[Exercise instructions] Copy out every record that follows, word for word.

Supplied material Block Start

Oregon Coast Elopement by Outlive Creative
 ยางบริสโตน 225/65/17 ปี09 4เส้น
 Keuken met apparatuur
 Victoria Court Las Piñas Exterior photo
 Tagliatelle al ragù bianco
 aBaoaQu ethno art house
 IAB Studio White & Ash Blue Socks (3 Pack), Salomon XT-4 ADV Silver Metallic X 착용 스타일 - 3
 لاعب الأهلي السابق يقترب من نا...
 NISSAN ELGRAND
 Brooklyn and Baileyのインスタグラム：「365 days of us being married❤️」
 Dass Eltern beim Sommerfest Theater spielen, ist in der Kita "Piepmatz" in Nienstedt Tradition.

Supplied material Block End

[Expected output]
Oregon Coast Elopement by Outlive Creative
 ยางบริสโตน 225/65/17 ปี09 4เส้น
 Keuken met apparatuur
 Victoria Court Las Piñas Exterior photo
 Tagliatelle al ragù bianco
 aBaoaQu ethno art house
 IAB Studio White & Ash Blue Socks (3 Pack), Salomon XT-4 ADV Silver Metallic X 착용 스타일 - 3
 لاعب الأهلي السابق يقترب من نا...
 NISSAN ELGRAND
 Brooklyn and Baileyのインスタグラム：「365 days of us being married❤️」
 Dass Eltern beim Sommerfest Theater spielen, ist in der Kita "Piepmatz" in Nienstedt Tradition.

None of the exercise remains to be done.